Playing Against Type
Have you noticed the way infertile women are routinely portrayed as one-dimensional, downright pitiful creatures in TV and film?
It doesn’t matter what era the story takes place in. Swap out the costumes and look beyond the hair and makeup and the character is always the same distraught, hapless woman. Take a recent episode of Boardwalk Empire — a series set in the 1920s. It included a cameo appearance of Agent Nelson’s wife begging for a operation that might help her get pregnant (can you imagine the quality of fertility care in the prohibition era?)
Contemporary shows and movies are no different. There’s Big Love neighbor Pam Martin who admits to being infertile — and on anti-depressants.
And who can forget Jennifer Garner’s portrayal of a positively desperate, miserable uptight infertile woman in Juno?
The screenplay and TV series writers have proven themselves to be nothing short of lazy, unimaginative — narrow-minded even. They write infertile characters completely lacking in complexity, personality or any ability to adapt. The story line associated with infertile women might as well come out of the same stale fortune cookie: childless women are guaranteed a bleak, miserable future if they don’t become mothers.

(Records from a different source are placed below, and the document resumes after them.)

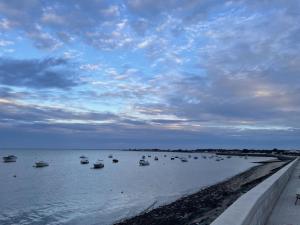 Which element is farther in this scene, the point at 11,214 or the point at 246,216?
the point at 11,214

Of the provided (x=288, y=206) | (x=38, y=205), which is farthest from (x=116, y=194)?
(x=288, y=206)

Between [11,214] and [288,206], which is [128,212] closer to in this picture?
[11,214]

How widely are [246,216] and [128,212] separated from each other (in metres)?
23.6

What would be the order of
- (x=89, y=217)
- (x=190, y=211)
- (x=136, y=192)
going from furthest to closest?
(x=136, y=192)
(x=89, y=217)
(x=190, y=211)

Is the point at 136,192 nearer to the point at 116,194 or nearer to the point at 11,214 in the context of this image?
the point at 116,194

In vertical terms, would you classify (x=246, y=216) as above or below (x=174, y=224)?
above

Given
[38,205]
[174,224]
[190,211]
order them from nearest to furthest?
[174,224], [190,211], [38,205]

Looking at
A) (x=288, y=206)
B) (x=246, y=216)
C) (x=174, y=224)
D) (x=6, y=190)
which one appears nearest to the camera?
(x=246, y=216)

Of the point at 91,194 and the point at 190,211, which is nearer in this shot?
the point at 190,211

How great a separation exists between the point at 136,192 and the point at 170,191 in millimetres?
4212

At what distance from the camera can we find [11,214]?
2811 centimetres

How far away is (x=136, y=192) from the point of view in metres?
41.2

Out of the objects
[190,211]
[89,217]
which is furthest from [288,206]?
[89,217]

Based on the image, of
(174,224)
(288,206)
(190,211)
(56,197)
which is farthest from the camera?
(56,197) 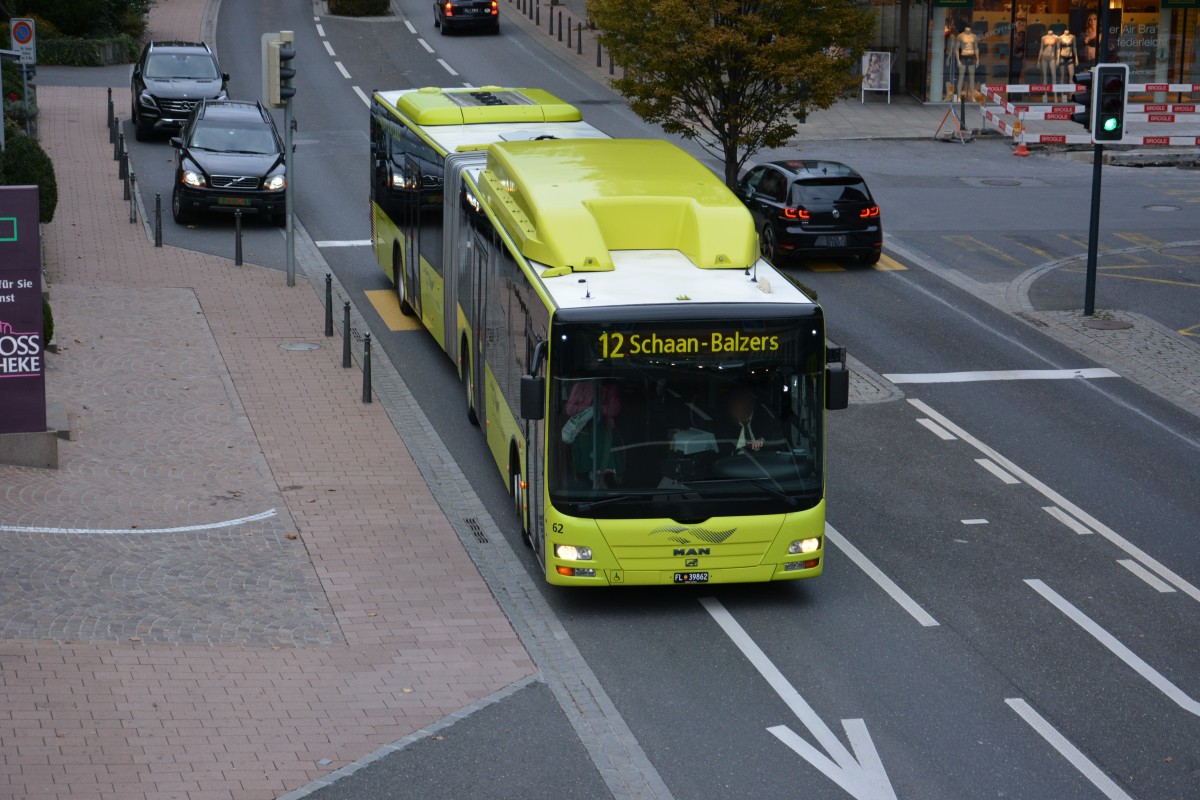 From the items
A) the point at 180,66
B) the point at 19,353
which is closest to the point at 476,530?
the point at 19,353

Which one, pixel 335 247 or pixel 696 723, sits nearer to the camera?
pixel 696 723

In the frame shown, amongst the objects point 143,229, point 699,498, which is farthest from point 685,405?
point 143,229

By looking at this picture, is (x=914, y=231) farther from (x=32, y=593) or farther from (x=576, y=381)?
(x=32, y=593)

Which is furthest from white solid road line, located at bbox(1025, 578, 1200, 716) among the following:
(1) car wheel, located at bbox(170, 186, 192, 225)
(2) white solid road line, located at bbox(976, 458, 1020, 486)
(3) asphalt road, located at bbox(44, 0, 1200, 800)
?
(1) car wheel, located at bbox(170, 186, 192, 225)

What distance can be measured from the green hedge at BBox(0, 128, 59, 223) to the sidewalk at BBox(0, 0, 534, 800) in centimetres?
278

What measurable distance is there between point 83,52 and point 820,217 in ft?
89.7

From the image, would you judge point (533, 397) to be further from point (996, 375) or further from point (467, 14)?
point (467, 14)

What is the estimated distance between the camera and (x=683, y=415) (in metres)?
11.8

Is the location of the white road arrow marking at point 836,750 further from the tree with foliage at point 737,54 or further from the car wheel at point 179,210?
the car wheel at point 179,210

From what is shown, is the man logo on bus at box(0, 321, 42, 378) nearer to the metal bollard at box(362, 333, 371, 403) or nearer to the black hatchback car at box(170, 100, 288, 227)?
the metal bollard at box(362, 333, 371, 403)

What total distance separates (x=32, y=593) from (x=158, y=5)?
47.5m

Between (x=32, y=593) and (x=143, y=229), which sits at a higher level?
(x=143, y=229)

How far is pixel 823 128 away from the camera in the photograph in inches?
1593

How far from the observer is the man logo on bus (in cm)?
1448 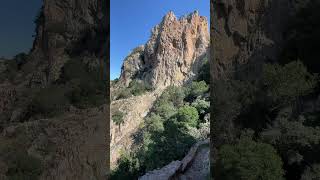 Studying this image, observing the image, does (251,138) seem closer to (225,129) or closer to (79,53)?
(225,129)

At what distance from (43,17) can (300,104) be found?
2.94 m

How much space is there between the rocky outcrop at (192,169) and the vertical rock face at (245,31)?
5.34 m

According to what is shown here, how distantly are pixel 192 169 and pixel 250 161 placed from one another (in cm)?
635

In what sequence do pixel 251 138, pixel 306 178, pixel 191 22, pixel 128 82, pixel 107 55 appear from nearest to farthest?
pixel 306 178 → pixel 251 138 → pixel 107 55 → pixel 191 22 → pixel 128 82

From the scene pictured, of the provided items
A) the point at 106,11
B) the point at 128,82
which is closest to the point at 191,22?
the point at 128,82

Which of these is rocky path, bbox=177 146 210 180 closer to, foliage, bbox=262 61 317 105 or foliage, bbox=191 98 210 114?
foliage, bbox=262 61 317 105

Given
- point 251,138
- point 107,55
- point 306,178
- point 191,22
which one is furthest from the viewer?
point 191,22

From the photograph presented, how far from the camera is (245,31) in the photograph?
5160 mm

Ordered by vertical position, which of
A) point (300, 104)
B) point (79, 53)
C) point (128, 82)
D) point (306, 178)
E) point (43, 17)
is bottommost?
point (306, 178)

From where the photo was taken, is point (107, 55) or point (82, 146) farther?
point (107, 55)

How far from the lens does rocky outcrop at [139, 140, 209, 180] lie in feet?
35.0

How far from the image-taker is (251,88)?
16.6 ft

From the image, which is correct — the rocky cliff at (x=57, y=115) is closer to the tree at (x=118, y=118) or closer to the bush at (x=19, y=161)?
the bush at (x=19, y=161)

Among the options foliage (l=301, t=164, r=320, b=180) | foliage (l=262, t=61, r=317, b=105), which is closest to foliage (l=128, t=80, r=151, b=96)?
foliage (l=262, t=61, r=317, b=105) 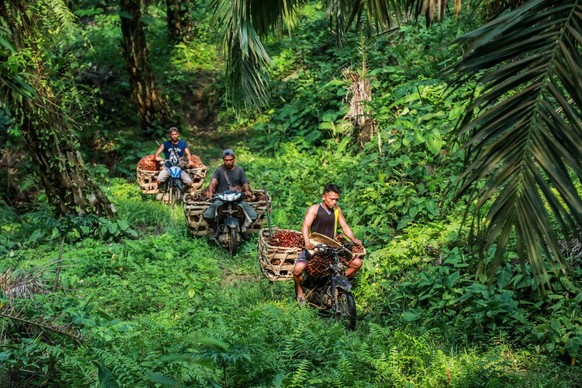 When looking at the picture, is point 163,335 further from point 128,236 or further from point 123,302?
point 128,236

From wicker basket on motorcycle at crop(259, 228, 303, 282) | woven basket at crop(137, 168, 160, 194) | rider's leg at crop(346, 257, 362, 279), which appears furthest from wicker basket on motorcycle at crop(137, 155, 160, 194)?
rider's leg at crop(346, 257, 362, 279)

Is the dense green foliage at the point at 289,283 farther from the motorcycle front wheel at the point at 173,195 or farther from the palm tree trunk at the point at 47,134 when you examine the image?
the motorcycle front wheel at the point at 173,195

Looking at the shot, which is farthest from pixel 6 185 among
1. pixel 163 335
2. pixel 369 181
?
pixel 163 335

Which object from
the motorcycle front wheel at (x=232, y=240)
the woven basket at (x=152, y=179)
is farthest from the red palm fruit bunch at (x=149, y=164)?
the motorcycle front wheel at (x=232, y=240)

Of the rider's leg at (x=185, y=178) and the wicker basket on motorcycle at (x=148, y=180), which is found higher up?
the wicker basket on motorcycle at (x=148, y=180)

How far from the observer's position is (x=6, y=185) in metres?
18.6

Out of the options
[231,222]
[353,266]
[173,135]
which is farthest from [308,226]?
[173,135]

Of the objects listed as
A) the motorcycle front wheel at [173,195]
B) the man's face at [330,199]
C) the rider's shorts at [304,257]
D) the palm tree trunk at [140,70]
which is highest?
the palm tree trunk at [140,70]

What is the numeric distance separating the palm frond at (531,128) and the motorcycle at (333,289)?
4640mm

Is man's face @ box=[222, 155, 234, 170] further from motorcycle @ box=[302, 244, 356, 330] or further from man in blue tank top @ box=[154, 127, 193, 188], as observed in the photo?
motorcycle @ box=[302, 244, 356, 330]

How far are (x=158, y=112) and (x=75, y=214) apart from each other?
26.7ft

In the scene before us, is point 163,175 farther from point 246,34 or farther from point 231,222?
point 246,34

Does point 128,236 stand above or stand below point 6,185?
below

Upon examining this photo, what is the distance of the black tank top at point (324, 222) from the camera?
9.60 metres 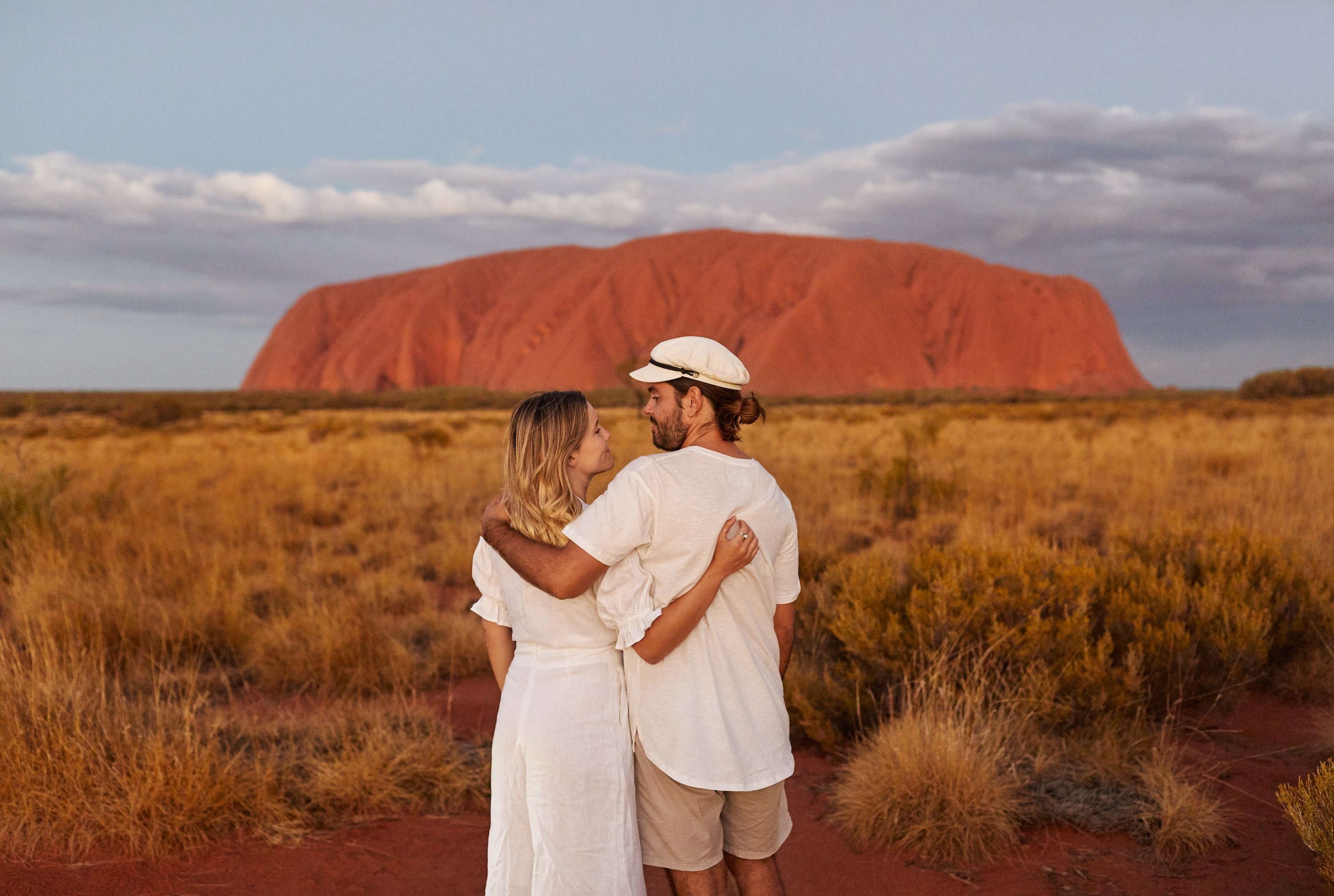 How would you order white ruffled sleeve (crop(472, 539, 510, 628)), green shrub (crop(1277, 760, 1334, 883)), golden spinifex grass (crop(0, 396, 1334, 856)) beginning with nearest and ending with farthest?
white ruffled sleeve (crop(472, 539, 510, 628))
green shrub (crop(1277, 760, 1334, 883))
golden spinifex grass (crop(0, 396, 1334, 856))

Seriously? Is that all you’ve got?
TO: HOLLYWOOD WRITERS
FROM: AN INFERTILE BUT OTHERWISE FEISTY, MULTI-FACETED WOMAN
Why so dull, so predictable with your infertility portrayals? How about leaving the stereotypes aside? Even cartoon* and ogre-based characters get to show off their layers.
Newsflash: Infertile woman operate at more than one speed. Emotional range? You are completely missing an opportunity here. Enough with the pity and damnation. Show some creativity already.
Need a few good role models? Women without children are all over the place — playing against type!
Here’s a challenge for you Hollywood types: stretch yourselves, update those tired portrayals. Maybe surprise us for a change? There might be an Oscar or Emmy in it for you!
*Actually the only realistically infertile female portrayal I’ve ever seen was, briefly, in a cartoon — Ellie from the movie Up! In a few short scenes we see a character full of zip and spunk leveled by the loss and heartbreak. She despairs for a time then transforms, projecting a steely but dogged determination to regain her adventuresome self. (You can even become her fan on Facebook).
My review of UP!
I’m an easy mark when it comes to poignant stories – a regular waterworks. Books, films, commercials, magazine articles, blog entries – you name it – if the narrative contains even the remotest heart-tugging element, I can be found rummaging for a tissue.
One recent film left me especially verklempt as it evoked an all-too-familiar ache. So what was the movie behind the mangled tissue? Up.
Isn’t that a cartoon movie? Yes, it is, but it contains the story of Ellie and Carl, a tale that will melt even the hardest heart. For infertiles like me their story goes much, much deeper. (Fair warning to my fellow softies: The 3D film format offers the added challenge of wiping away tears and blowing one’s nose behind 3D glasses that also fog up one’s view.)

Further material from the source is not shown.